[Scraped caption text data]
────────────────
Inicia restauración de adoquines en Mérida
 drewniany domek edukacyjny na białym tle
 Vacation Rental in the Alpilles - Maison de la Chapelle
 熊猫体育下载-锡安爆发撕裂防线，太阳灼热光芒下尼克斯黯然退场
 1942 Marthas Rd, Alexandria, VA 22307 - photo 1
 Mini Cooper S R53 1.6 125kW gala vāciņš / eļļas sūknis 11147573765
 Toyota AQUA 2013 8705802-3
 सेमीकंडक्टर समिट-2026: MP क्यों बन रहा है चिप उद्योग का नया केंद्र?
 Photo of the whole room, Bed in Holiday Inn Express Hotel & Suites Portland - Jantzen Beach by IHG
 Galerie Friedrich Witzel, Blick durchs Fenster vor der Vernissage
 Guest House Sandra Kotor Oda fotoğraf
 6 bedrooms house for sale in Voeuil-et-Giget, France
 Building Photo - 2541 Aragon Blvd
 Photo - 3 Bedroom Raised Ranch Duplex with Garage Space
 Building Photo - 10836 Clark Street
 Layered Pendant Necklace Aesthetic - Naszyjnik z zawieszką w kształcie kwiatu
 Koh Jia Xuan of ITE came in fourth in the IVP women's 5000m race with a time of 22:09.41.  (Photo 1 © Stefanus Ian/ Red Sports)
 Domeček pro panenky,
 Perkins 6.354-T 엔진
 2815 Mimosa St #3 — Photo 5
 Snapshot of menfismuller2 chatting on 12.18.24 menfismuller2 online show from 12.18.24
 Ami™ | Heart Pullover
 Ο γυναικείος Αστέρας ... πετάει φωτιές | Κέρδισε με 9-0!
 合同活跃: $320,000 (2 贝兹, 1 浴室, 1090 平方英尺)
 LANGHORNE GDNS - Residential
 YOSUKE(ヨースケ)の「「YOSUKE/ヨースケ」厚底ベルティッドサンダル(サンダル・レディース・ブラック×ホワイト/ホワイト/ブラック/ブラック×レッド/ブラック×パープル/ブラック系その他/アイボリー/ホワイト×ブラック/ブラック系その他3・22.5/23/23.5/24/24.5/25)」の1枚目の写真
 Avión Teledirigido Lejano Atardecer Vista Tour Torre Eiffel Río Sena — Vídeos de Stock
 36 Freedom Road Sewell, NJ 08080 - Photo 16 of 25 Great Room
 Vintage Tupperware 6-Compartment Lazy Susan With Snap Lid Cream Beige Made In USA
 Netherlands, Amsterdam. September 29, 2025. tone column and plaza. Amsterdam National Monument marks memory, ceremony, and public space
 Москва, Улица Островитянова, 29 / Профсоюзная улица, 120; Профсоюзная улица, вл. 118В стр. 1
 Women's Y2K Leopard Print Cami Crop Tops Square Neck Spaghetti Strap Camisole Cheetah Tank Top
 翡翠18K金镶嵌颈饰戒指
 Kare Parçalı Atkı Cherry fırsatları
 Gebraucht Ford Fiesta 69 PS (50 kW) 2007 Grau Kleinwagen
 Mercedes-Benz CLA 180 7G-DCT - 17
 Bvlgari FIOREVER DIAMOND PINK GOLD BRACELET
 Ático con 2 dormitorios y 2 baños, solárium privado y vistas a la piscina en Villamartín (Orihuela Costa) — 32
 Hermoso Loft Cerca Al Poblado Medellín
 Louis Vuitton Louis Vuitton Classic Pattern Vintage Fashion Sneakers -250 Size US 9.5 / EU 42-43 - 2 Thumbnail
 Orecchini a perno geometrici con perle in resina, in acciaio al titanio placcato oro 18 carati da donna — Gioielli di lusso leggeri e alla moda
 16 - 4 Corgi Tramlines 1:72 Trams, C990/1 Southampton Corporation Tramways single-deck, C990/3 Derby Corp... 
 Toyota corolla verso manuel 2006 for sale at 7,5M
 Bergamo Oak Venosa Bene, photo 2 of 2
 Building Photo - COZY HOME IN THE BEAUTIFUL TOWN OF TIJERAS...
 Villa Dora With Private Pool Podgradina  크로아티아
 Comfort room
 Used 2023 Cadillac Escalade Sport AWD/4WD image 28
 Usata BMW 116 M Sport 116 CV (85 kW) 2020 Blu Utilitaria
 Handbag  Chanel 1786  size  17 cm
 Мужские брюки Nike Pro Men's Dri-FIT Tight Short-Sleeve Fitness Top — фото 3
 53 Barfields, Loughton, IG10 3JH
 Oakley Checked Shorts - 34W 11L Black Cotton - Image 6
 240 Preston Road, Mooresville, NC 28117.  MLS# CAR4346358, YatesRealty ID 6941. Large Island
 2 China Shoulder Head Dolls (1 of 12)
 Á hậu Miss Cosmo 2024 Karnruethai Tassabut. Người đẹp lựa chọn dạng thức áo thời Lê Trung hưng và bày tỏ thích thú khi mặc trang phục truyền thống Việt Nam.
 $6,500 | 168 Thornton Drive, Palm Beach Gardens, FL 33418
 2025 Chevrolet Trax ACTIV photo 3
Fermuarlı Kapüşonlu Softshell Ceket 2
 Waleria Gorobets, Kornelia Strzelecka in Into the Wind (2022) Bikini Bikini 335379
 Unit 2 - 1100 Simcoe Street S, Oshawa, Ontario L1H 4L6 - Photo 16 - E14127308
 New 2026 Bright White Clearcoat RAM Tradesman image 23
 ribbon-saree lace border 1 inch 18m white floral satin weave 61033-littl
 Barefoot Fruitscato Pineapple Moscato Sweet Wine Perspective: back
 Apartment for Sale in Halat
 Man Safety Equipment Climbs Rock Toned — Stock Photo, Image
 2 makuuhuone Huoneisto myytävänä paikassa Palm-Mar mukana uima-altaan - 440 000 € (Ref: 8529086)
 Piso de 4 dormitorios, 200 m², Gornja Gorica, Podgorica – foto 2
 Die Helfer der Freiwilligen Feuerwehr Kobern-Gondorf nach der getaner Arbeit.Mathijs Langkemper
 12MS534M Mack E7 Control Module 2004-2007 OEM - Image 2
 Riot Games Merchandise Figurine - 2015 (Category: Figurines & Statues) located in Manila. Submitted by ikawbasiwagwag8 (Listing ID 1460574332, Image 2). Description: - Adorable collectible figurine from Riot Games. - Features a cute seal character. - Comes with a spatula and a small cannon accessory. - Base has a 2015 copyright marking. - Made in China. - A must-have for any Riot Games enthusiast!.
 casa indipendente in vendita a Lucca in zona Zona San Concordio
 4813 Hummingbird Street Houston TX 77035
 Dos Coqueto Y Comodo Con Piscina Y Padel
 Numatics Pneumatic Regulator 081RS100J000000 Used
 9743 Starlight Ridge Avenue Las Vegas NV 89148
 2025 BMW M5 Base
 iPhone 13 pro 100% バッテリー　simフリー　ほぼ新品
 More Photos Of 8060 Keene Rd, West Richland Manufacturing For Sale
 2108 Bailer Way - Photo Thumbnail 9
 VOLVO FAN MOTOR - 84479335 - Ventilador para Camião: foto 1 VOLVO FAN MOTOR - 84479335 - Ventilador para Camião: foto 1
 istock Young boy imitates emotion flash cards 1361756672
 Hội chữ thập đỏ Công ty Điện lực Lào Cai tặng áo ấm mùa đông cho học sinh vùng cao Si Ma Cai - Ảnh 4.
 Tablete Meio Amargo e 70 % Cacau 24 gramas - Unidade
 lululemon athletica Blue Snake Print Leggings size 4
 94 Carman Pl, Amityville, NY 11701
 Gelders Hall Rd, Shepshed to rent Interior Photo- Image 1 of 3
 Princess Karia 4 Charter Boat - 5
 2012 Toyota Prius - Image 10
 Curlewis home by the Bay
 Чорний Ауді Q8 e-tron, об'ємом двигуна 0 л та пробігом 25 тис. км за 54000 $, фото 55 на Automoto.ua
────────────────
- **WHAT YOU ARE ASKED TO DO**: Look above for the line holding "Building Photo - COZY" and the line holding "53 Barfields, Loughton, IG10 3JH". Retype both, and every line between them, word for word and nothing else.

- **SOLUTION**:
 Building Photo - COZY HOME IN THE BEAUTIFUL TOWN OF TIJERAS...
 Villa Dora With Private Pool Podgradina  크로아티아
 Comfort room
 Used 2023 Cadillac Escalade Sport AWD/4WD image 28
 Usata BMW 116 M Sport 116 CV (85 kW) 2020 Blu Utilitaria
 Handbag  Chanel 1786  size  17 cm
 Мужские брюки Nike Pro Men's Dri-FIT Tight Short-Sleeve Fitness Top — фото 3
 53 Barfields, Loughton, IG10 3JH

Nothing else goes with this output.